■ **Task details**: Return, from the lines below, each one that includes the word "Photo".

[Saved entries]
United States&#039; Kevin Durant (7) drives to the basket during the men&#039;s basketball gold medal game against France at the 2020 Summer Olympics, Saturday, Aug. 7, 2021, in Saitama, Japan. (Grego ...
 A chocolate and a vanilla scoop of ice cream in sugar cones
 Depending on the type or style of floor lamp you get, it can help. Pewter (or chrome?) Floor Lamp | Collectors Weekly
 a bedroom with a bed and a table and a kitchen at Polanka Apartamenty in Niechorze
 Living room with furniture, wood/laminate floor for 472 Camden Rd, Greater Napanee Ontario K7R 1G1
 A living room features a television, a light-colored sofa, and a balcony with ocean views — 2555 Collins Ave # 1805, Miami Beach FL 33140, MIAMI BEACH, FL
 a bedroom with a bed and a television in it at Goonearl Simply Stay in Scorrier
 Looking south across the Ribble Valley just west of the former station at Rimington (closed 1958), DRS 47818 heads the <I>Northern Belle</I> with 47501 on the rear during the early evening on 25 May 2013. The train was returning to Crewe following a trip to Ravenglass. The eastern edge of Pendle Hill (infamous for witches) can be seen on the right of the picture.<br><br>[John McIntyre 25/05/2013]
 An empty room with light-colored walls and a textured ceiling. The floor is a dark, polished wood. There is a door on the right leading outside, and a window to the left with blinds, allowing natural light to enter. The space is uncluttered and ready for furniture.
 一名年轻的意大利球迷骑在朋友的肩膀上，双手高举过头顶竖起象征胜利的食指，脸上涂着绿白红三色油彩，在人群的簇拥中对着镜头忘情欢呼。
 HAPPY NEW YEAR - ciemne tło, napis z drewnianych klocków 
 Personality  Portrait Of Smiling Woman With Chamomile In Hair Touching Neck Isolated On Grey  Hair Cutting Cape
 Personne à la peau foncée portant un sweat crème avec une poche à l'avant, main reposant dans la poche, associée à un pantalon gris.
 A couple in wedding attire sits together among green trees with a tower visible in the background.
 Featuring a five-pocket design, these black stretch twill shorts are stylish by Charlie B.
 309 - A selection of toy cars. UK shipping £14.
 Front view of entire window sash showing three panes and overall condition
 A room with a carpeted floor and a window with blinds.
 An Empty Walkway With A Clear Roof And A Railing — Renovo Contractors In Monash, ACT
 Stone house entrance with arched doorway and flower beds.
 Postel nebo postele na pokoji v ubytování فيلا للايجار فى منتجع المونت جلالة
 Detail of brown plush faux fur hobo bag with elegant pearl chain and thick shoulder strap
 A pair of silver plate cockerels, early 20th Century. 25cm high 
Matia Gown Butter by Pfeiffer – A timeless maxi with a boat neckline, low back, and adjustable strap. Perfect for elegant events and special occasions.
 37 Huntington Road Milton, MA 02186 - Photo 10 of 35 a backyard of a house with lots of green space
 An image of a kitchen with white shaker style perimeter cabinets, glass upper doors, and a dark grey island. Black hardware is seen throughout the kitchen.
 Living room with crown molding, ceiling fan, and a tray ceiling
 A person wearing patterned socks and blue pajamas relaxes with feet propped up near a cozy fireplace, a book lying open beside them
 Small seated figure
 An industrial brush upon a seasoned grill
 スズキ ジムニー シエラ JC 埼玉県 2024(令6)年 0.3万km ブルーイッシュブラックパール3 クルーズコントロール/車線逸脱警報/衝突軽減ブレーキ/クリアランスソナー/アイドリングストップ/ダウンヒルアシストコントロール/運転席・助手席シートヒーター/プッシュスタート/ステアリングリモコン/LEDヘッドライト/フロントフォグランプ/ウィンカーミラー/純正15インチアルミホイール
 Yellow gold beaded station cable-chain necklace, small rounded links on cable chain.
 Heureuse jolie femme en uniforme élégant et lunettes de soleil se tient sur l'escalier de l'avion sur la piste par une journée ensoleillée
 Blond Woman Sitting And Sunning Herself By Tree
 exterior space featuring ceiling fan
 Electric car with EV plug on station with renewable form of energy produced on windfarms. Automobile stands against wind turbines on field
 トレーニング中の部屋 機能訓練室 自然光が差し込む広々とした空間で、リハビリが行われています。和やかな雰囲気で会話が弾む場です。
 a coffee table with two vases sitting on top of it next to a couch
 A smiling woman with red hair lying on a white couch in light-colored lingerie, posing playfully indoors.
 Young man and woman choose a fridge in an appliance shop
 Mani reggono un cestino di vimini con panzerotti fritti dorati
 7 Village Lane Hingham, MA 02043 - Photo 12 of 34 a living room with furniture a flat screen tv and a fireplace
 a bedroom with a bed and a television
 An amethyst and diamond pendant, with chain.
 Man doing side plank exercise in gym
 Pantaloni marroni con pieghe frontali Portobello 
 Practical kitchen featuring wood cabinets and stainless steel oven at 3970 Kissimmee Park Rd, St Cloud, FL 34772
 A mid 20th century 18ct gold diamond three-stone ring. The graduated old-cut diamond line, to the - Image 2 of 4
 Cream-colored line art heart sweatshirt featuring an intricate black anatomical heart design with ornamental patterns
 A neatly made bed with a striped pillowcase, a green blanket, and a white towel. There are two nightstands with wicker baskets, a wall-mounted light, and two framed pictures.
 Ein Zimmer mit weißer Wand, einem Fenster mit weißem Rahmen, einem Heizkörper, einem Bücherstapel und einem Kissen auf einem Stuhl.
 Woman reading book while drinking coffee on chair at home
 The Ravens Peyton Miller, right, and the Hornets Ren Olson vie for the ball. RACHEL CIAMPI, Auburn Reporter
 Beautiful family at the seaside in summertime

■ **Result**:
 37 Huntington Road Milton, MA 02186 - Photo 10 of 35 a backyard of a house with lots of green space
 7 Village Lane Hingham, MA 02043 - Photo 12 of 34 a living room with furniture a flat screen tv and a fireplace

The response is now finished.